Regular Expressions | TrendAI™

Views:

Regular expressions are used to perform string matching. See the following tables for some common examples of regular expressions. To specify a regular expression, add a “.REG.” operator before that pattern.

There are a number of websites and tutorials available online. One such site is the PerlDoc site, which can be found at:

http://www.perl.com/doc/manual/html/pod/perlre.html

WARNING

Regular expressions are a powerful string matching tool. For this reason, Trend Micro recommends that Administrators who choose to use regular expressions be familiar and comfortable with regular expression syntax. Poorly written regular expressions can have a dramatic negative performance impact. Trend Micro recommends is to start with simple regular expressions that do not use complex syntax. When introducing new rules, use the archive action and observe how the Messaging Security Agent manages messages using your rule. When you are confident that the rule has no unexpected consequences, you can change your action.

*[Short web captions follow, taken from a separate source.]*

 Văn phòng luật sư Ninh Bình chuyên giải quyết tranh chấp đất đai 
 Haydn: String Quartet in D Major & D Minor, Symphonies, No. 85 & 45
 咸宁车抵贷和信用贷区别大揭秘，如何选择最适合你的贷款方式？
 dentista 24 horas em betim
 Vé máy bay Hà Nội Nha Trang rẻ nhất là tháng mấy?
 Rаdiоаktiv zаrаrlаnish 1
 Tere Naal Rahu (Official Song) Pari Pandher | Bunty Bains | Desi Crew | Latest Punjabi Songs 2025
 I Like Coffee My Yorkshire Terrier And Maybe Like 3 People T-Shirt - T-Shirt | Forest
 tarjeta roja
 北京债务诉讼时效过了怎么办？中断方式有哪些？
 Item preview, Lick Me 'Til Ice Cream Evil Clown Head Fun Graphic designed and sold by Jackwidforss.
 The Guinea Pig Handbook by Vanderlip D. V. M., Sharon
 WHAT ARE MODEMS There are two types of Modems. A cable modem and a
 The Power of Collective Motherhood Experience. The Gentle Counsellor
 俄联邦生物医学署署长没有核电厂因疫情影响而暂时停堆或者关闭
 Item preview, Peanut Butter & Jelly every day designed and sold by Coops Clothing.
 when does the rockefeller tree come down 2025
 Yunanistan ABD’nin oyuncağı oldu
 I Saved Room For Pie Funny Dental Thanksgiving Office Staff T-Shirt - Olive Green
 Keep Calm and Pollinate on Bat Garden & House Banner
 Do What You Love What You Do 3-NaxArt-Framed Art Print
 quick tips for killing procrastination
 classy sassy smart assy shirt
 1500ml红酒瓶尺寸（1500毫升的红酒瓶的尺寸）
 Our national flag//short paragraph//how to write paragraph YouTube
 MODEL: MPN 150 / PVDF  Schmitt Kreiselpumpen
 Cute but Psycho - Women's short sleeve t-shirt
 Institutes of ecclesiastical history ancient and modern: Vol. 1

Regular Expression Examples

See the following tables for some common examples of regular expressions. To specify a regular expression, add a “.REG.” operator before that pattern.

Counting and Grouping

Element	What it Means	Example
.	The dot or period character represents any character except new line character.	do. matches doe, dog, don, dos, dot, etc. d.r matches deer, door, etc.
*	The asterisk character means zero or more instances of the preceding element.	do* matches d, do, doo, dooo, doooo, etc.
+	The plus sign character means one or more instances of the preceding element.	do+ matches do, doo, dooo, doooo, etc. but not d
?	The question mark character means zero or one instances of the preceding element.	do?g matches dg or dog but not doog, dooog, etc.
( )	Parenthesis characters group whatever is between them to be considered as a single entity.	d(eer)+ matches deer or deereer or deereereer, etc. The + sign is applied to the substring within parentheses, so the regex looks for d followed by one or more of the grouping “eer.”
[ ]	Square bracket characters indicate a set or a range of characters.	d[aeiouy]+ matches da, de, di, do, du, dy, daa, dae, dai, etc. The + sign is applied to the set within brackets parentheses, so the regex looks for d followed by one or more of any of the characters in the set [aeioy]. d[A-Z] matches dA, dB, dC, and so on up to dZ. The set in square brackets represents the range of all upper-case letters between A and Z.
[ ^ ]	Carat characters within square brackets logically negate the set or range specified, meaning the regex will match any character that is not in the set or range.	d[^aeiouy] matches db, dc or dd, d9, d#--d followed by any single character except a vowel.
{ }	Curly brace characters set a specific number of occurrences of the preceding element. A single value inside the braces means that only that many occurrences will match. A pair of numbers separated by a comma represents a set of valid counts of the preceding character. A single digit followed by a comma means there is no upper bound.	da{3} matches daaa--d followed by 3 and only 3 occurrences of “a”. da{2,4} matches daa, daaa, daaaa, and daaaa (but not daaaaa)--d followed by 2, 3, or 4 occurrences of “a”. da{4,} matches daaaa, daaaaa, daaaaaa, etc.--d followed by 4 or more occurrences of “a”.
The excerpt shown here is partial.